# Data provided
↓↓↓

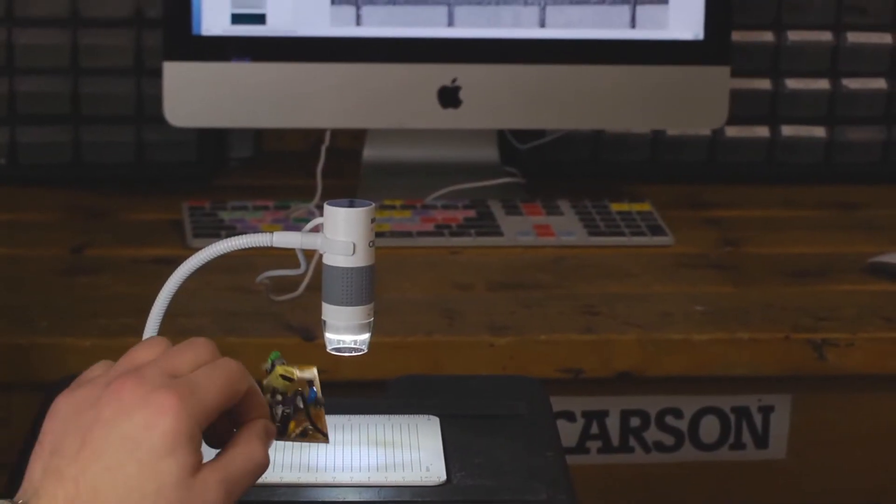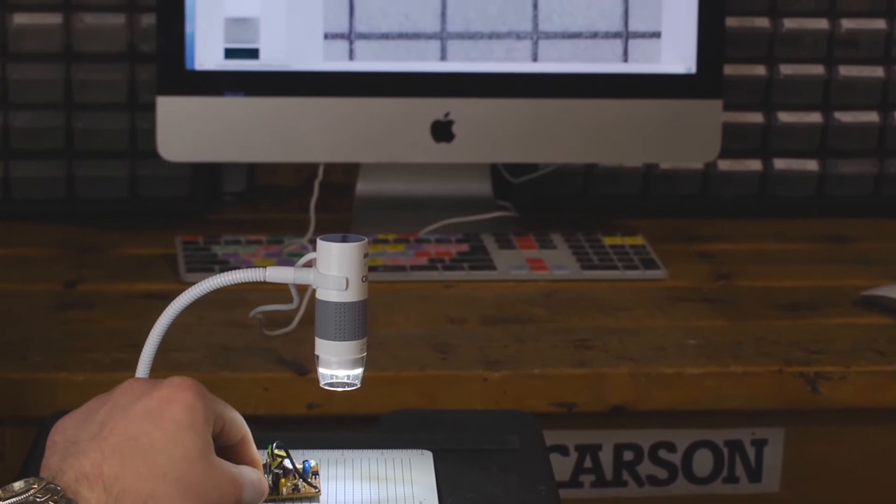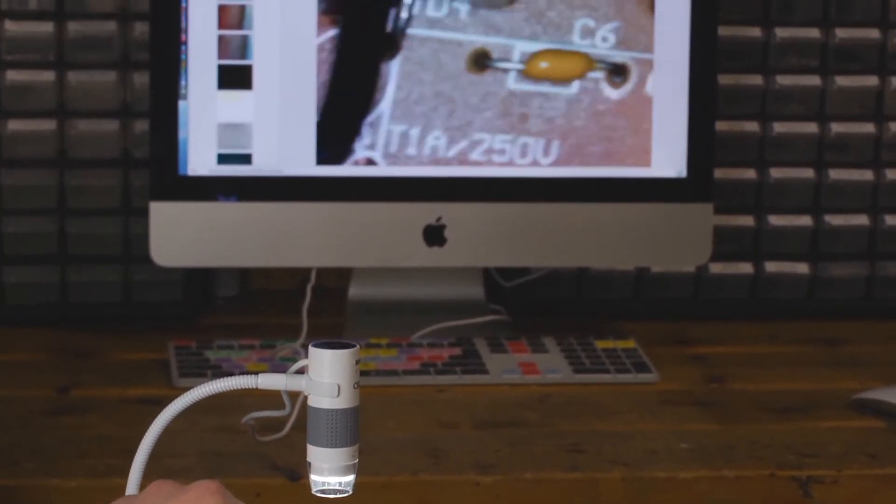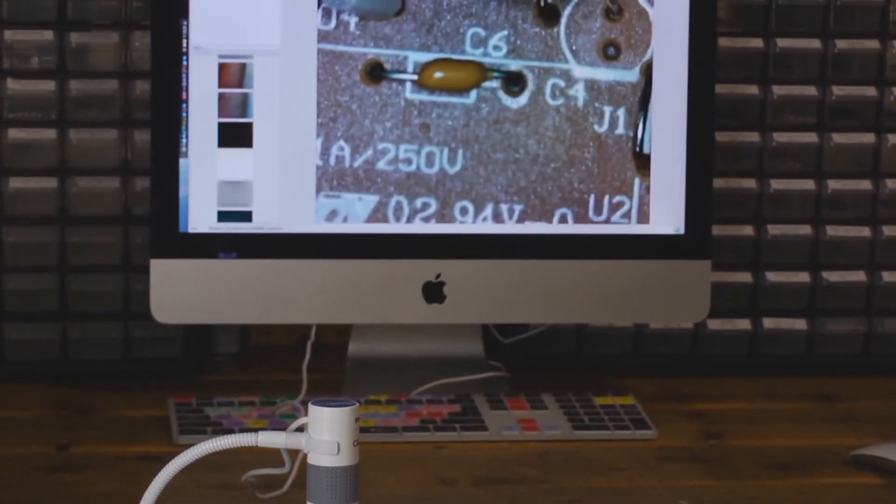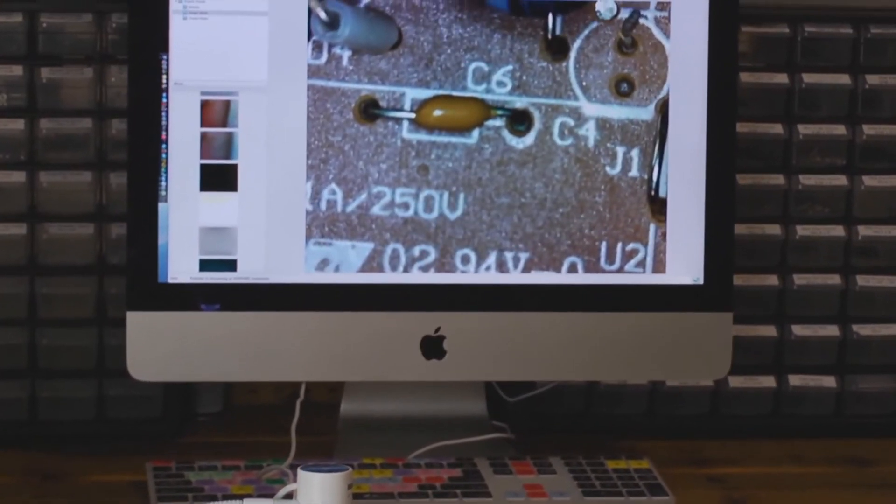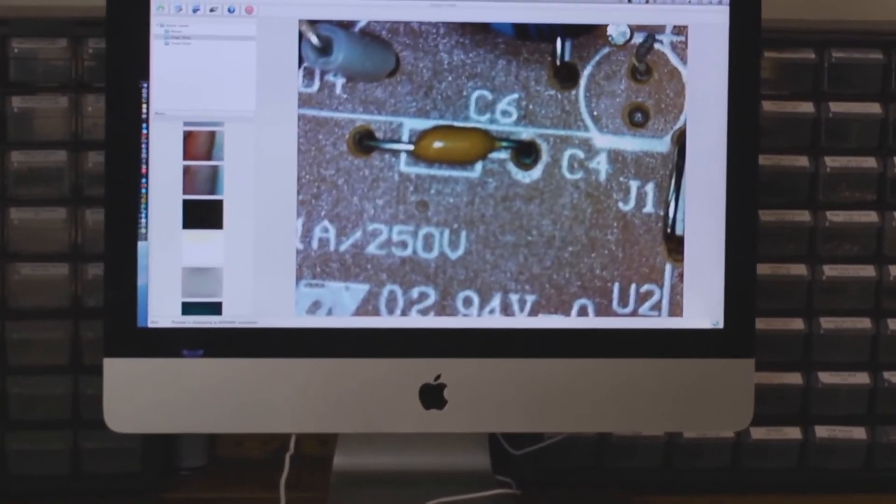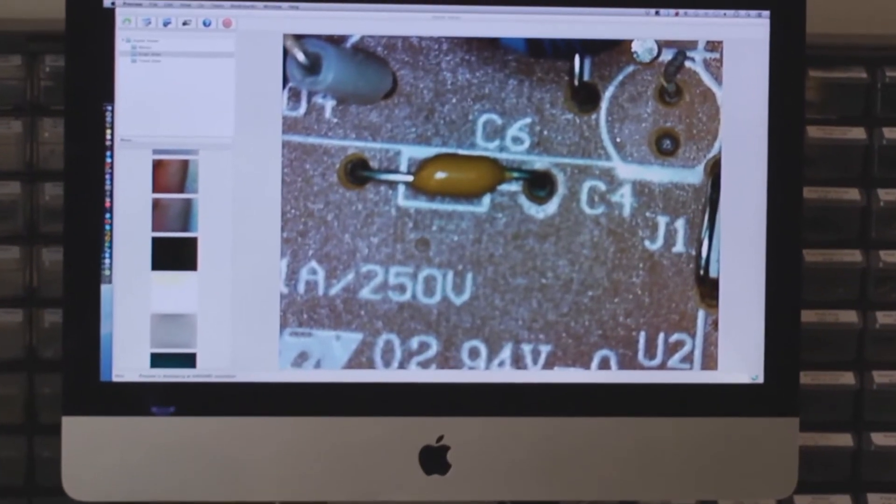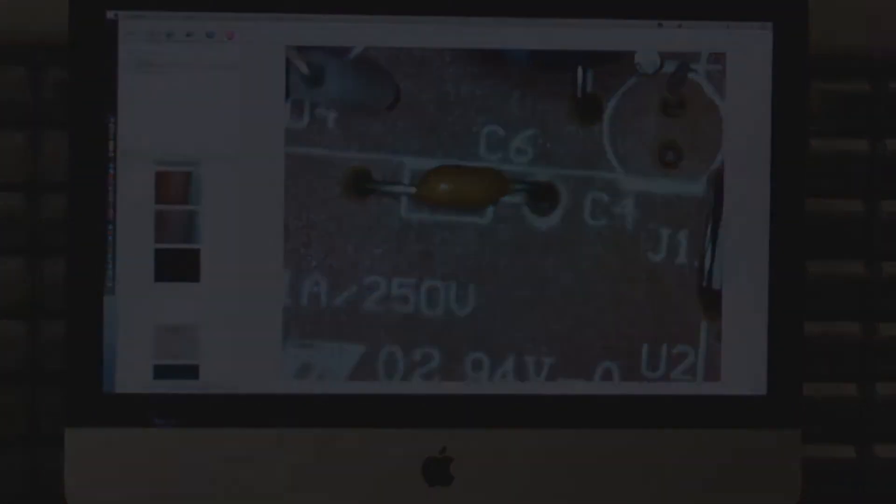There's built-in LED lights that can be adjusted to your preference or even turned off. Having the ability to control your lighting is a huge advantage because that means you can use the eFlex in any lighting condition.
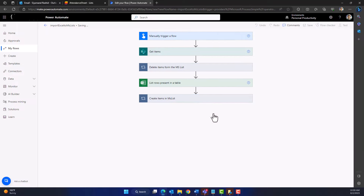Our flow is now ready. Let's save it and run a test to see if it imports data from the Excel sheet into our Microsoft List. Click 'Test,' then run the flow. After the flow runs successfully, we can see all the data from the Excel sheet has been imported into our Microsoft List. That's it for this video. In the next video, we will talk about how to send this data to each employee by email — see you then!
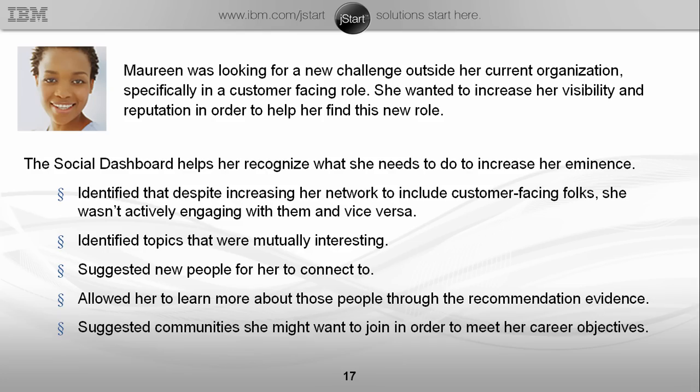As a final summary of the scenario we've just walked through: Maureen was looking for a new challenge outside her current organisation, specifically in a customer-facing role, and wanted to increase her visibility and reputation. The social dashboard helped her recognise what she needed to do to increase her eminence. It identified that despite increasing her network to include customer-facing people, she wasn't actively engaging with them and they weren't actively engaging with her. It identified which topics were mutually interesting, suggested new people for her to connect to, allowed her to learn more about these people through the recommendation evidence trail, and suggested communities she might want to join in order to meet her objectives.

↑↑↑

# Action item
Repeat the listing above up to and including the line with "Our flow is", starting from its first line. Drop any pictures.

# Task response
There's built-in LED lights that can be adjusted to your preference or even turned off. Having the ability to control your lighting is a huge advantage because that means you can use the eFlex in any lighting condition.
Our flow is now ready. Let's save it and run a test to see if it imports data from the Excel sheet into our Microsoft List. Click 'Test,' then run the flow. After the flow runs successfully, we can see all the data from the Excel sheet has been imported into our Microsoft List. That's it for this video. In the next video, we will talk about how to send this data to each employee by email — see you then!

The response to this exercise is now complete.